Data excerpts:

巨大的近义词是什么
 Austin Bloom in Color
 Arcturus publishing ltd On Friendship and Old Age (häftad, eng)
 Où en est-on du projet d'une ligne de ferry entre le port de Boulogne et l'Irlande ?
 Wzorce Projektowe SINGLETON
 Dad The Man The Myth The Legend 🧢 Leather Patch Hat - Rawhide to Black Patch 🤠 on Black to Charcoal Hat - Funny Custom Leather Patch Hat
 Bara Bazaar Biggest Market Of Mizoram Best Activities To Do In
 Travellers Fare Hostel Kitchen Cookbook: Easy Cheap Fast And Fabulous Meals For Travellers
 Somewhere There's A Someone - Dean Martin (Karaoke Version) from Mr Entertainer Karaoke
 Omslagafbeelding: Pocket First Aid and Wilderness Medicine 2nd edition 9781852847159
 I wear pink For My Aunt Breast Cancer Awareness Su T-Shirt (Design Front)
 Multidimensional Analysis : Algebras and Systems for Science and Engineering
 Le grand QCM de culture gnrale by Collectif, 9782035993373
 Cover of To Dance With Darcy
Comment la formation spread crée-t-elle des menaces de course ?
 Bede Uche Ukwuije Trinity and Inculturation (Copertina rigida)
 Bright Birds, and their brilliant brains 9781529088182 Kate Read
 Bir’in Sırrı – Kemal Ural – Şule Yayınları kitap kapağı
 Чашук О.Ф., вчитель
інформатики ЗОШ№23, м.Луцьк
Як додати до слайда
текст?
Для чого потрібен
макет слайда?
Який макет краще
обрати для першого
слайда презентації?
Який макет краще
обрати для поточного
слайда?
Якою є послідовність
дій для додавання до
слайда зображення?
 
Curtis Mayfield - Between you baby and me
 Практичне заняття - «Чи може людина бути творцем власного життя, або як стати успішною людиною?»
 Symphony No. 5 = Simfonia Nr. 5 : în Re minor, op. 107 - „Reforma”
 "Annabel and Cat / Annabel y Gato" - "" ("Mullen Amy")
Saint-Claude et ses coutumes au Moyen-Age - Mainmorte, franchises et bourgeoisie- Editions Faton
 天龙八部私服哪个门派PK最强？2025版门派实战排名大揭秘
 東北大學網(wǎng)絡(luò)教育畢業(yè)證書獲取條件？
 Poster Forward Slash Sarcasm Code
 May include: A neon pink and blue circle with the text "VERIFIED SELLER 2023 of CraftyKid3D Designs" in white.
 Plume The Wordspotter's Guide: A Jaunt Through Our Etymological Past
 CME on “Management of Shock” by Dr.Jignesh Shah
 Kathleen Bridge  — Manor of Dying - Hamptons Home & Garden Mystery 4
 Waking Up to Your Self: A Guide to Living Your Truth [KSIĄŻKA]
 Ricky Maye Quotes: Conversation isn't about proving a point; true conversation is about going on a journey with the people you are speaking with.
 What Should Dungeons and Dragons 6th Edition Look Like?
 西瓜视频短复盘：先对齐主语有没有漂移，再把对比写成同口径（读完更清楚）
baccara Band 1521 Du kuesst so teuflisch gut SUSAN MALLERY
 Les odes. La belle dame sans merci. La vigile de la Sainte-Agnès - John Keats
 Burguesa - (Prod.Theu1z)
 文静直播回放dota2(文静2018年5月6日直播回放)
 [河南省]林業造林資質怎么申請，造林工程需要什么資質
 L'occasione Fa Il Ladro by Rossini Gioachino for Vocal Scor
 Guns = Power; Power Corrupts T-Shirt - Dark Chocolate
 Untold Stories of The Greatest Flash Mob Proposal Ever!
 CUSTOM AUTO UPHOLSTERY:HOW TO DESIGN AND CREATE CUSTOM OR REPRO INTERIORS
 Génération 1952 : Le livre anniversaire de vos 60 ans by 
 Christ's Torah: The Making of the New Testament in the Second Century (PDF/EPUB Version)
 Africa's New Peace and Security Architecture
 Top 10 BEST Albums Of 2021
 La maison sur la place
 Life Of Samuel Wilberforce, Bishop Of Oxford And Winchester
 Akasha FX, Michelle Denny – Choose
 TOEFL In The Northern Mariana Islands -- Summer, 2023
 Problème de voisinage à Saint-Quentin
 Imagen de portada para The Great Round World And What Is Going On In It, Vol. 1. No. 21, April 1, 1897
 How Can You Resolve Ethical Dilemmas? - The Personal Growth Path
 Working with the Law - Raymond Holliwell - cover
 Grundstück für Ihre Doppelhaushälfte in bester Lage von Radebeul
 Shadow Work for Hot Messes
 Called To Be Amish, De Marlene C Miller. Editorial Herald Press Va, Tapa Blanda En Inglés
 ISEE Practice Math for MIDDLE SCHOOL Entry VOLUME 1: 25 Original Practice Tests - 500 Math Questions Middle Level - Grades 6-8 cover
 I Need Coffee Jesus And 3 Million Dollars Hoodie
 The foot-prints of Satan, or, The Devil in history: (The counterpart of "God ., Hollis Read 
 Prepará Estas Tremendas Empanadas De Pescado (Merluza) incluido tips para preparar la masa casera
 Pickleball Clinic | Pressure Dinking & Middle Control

■ **Work to complete**:
Lines after the one containing "Cover of To Dance With Darcy" are not wanted; repeat exactly each line above from the first up to and including it.

■ **Response area**:
巨大的近义词是什么
 Austin Bloom in Color
 Arcturus publishing ltd On Friendship and Old Age (häftad, eng)
 Où en est-on du projet d'une ligne de ferry entre le port de Boulogne et l'Irlande ?
 Wzorce Projektowe SINGLETON
 Dad The Man The Myth The Legend 🧢 Leather Patch Hat - Rawhide to Black Patch 🤠 on Black to Charcoal Hat - Funny Custom Leather Patch Hat
 Bara Bazaar Biggest Market Of Mizoram Best Activities To Do In
 Travellers Fare Hostel Kitchen Cookbook: Easy Cheap Fast And Fabulous Meals For Travellers
 Somewhere There's A Someone - Dean Martin (Karaoke Version) from Mr Entertainer Karaoke
 Omslagafbeelding: Pocket First Aid and Wilderness Medicine 2nd edition 9781852847159
 I wear pink For My Aunt Breast Cancer Awareness Su T-Shirt (Design Front)
 Multidimensional Analysis : Algebras and Systems for Science and Engineering
 Le grand QCM de culture gnrale by Collectif, 9782035993373
 Cover of To Dance With Darcy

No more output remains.